Peki, biz ne yapıyoruz? "Bu işlere birileri zaman harcıyor mu?" diye sorduğumuzda aslında çok da fazla zaman harcamıyoruz çünkü ülkemizin bütçesindeki AR-GE harcamalarına baktığımızda, şirketlerin AR-GE harcamalarına baktığımızda maalesef geride kaldığımızı söyleyebiliriz ama bizi mutlu eden gelişmeler de yok mudur? Vardır. Mesela Huaweı, bir Türk bilim insanının, Bilkent Üniversitesindeki Profesör Doktor Erdal Arıkan'ın bir makalesinden polar kodlamayı alıp onu rehber edinerek bir yatırım yaptı ve milyarlarca dolar gelir elde etti. Ben buradan bilim adamımız Sayın Arıkan'a -5G teknolojisini, bakın, biz hâlâ ülkemizde 4G'yi kullanıyoruz- dünyada Çin tarafından, Huaweı tarafından geliştirilmesine zemin hazırlayan polar kodlamayı bulduğu için huzurunuzda teşekkür ediyorum. Teknolojiyi yerli ve millî olarak geliştirebilmemiz için 81 ilde, hemen hemen her ilçede fakülte açmaya, üniversite kurmaya gerek yok. Üniversitelerimizi liyakatli kadrolarla güçlendirmemiz, eğitimin, araştırmanın ve fikir özgürlüğünün önünü açmamız gerekmektedir.

Yapay zekâ, çağımızın bir gerçekliği ve zorunluluğu ancak beraberinde getirdiği riskler ve sorunlar da maalesef vardır. Bunların başında etik ve güvenlik sorunları geliyor. Yapay zekâ algoritmalarının üzerinde çalıştığı büyük verilerin güvenli bir şekilde işlenmesi ve kişisel verilerin korunması gerekmektedir. Özellikle Avrupa Birliği, Genel Veri Koruma Tüzüğü gibi düzenlemelerle bu konuda önlemler almaya başlamıştır.
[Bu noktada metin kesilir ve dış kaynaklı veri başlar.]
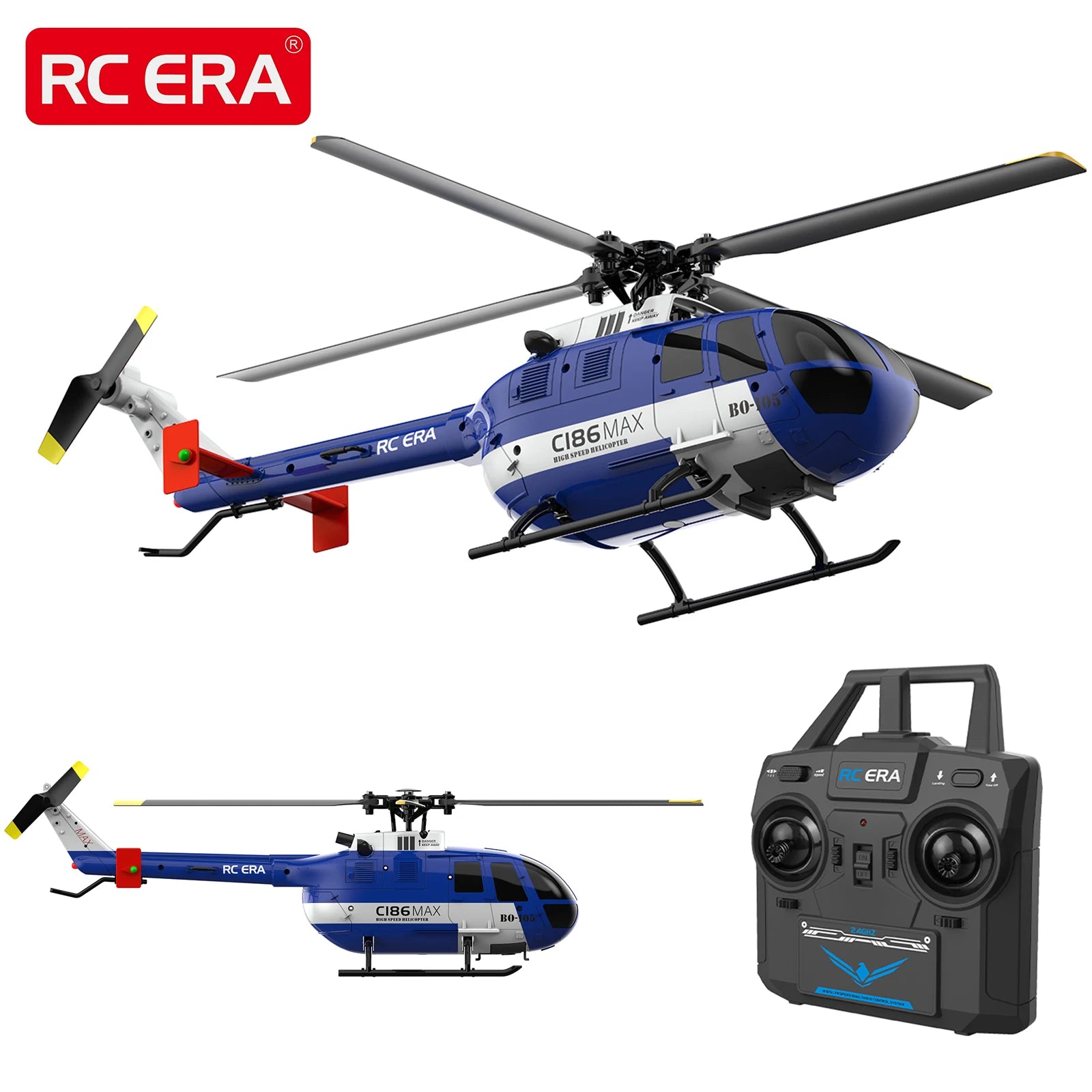 RC ERA C138 BELL 206 Jet Ranger 6-axis Gyro Stabilized Altitude Hold 4ch RC Helicopter Aircraft Hobby for Adults -RTF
Ayrıca, yapay zekâ teknolojilerinin gelişimi bazı sektörlerde otomasyonun artmasına yol açarak iş kayıplarına sebep olacaktır. Otomasyonun yaygınlaştığı alanlarda çalışan vatandaşlarımız için alternatifler oluşturmamız ve eğitim almalarını sağlayarak yeni alanlarda çalışabilmelerini sağlamamız gerekir. Otonom silah sistemlerinin yapay zekâ tarafından kontrol edilmesi uluslararası arenada etik ve güvenlik açısından tartışmalara neden olmuştur. Bu tür sistemlerin yanlış ellerde tehlikeli sonuçlara yol açabileceği tartışılmaktadır. Verileri analiz etme ve görevleri otomatikleştirme konusundaki geniş kabiliyetiyle yapay zekâ, demokratik uygulamalar ve süreçleri desteklemede kullanılabileceği gibi ön yargılı algoritmalar yoluyla ayrımcılığı ve mevcut eşitsizlikleri de sürdüren uygulamalarda kullanılabilir. Ayrımcı ve zararlı içeriklere öncelik vererek ve bunları savunmasız gruplara yayarak nefret söyleminin yayılmasını kolaylaştırabilir. Bu zorlukların ele alınması gerekmektedir. Yapay zekâ sistemlerinin insan hakları, demokrasi ve hukukun üstünlüğüyle tamamen uyumlu bir şekilde geliştirilmesi gerekmektedir. Yapay zekânın geliştirilmesi ve yaygınlaştırılmasında etik hususlara, şeffaflığa ve hesap verebilirliğe öncelik veren bir yaklaşıma ihtiyaç vardır. Yapay zekâ sistemlerinin yaşam döngüsü içerisindeki faaliyetlerini düzenleyen, ortak genel ilke ve kılavuzların belirlenmesini amaçlayan uluslararası çalışmalar bu noktada önemlidir. Bu bağlamda, ülkemizin Avrupa Konseyi Yapay Zekâ, İnsan Hakları, Demokrasi ve Hukukun Üstünlüğü Çerçeve Sözleşmesi'ne katılması ve katkı sağlaması gerektiğini düşünmekteyim. Partimiz bu komisyonun kurulmasını destekliyor; dediğim gibi, eşit temsil oranında teşekkül etmesinin çok daha faydalı sonuçlar doğuracağını düşünüyor.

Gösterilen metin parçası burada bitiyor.